The AmNews was a sponsor of the fourth annual Vaughn Harper Celebrity Gift/Toy Drive, which kicked off this year in an extra special way.
On Monday, about 40 lucky kids from Harlem Dowling enjoyed an early holiday treat. The tots got a once-in-a-lifetime visit to the Sesame Workshop, where they had a chance to learn about music from topflight artists, including drummer Curtis Harmon from Pieces of a Dream, pianist Alex Bugnon, guitarist Nanny Assis and producer Barry Eastman. The children broke into groups and made the rounds at a series of stations, learning about different instruments, such as drums, piano, guitar, congas and the melodica (mouth piano), singing as well as electronic music recording and production.
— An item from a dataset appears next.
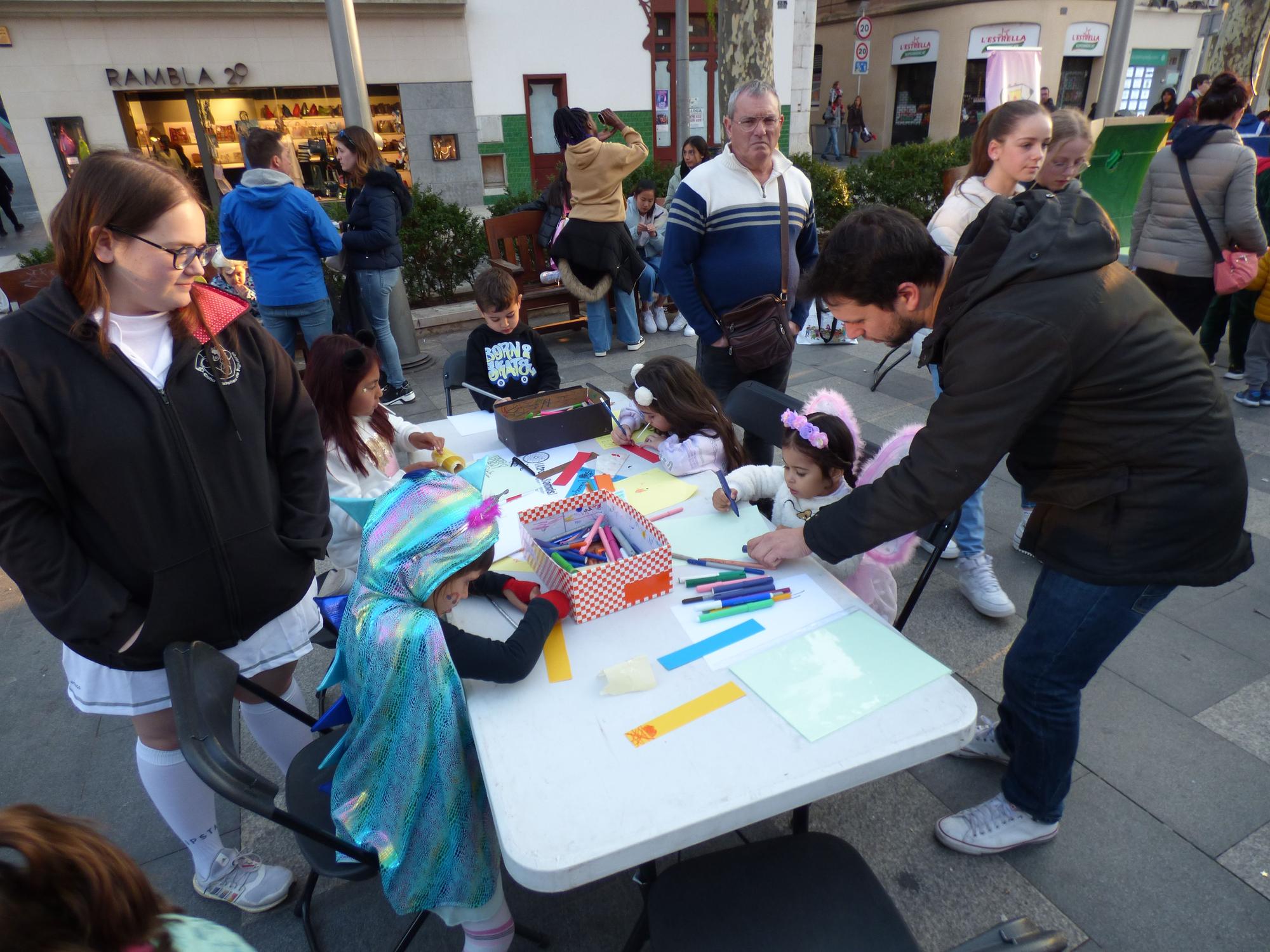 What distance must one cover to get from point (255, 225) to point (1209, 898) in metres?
5.23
This initiative, called “STEM + Music,” is part of Project Rhythm. STEM stands for Science, Technology, Engineering, Math, and now, Music.
“STEM is a national project that is being applied in a lot of school systems in the country in hopes of getting our students better prepared for future jobs. This organization teaches children 4 to 14 how to read, write, engineer and produce music, so we will have a portable studio here today. They are going to learn how the instruments are made, how pitch is made and also to learn the math part of it with notes and different beats.
“Our biggest objective is to get kids interested in the arts. We hope that one or two more kids will leave here with an interest in music,” said Alex Brown, assistant facilities manager of Sesame Workshop.
“One of our programs at Harlem Dowling is After-School Service, and that gives us an opportunity to expose our young people to opportunities that they wouldn’t normally have access to,” Karen Dixon, executive director of Harlem Dowling, told the AmNews. “Mr. Harper and Mr. [Maurice] Singleton have worked diligently with us. Their annual toy drive allows young people to get gifts that we take for granted for our own children,” she said.
“We are excited about all of the opportunities that we are able to provide to our young people in the community where the after-school program operates. To give these other forms of leaning opportunities to our young people is wonderful, especially for little girls. The whole Science, Technology, Engineering and Math program–that’s not something that young girls are raised to aspire to.
“I used to play the French horn so I understand how music gives you another opportunity,” she said. “Just learning to read a musical score is something that most young people don’t get exposure to. To be exposed to classical music, jazz and other types of music gives you a more diverse view of the world. The world is more than just the communities we reside in.”
Jamon Gilbert of Project Rhythm talked to the AmNews about the importance of combining arts with education. “We’re really big on connecting kids, especially underserved kids, to music education. We’re connecting music education to social and emotional growth, school performance and job readiness. This is the earliest stage that we work with kids. We go all the way to age 24,” he said. “We help guide them through their growth through different programs to full song creation, performance and recording, internships, placement and scholarships. It’s a full runway using music to help the kids grow socially and emotionally.”
Later that evening, the toy drive commenced at MIST Harlem on 116th Street. Guests were treated to a fabulous all-star benefit concert led by Bugnon. All proceeds from the event will support the building of the first computer center at Harlem Dowling.
There’s no doubt that a lot of children will have a happier holiday this year and a brighter and, hopefully, more musical new year ahead. Hats off to Vaughn Harper, Maurice Singleton, the Sesame Workshop and Project Rhythm.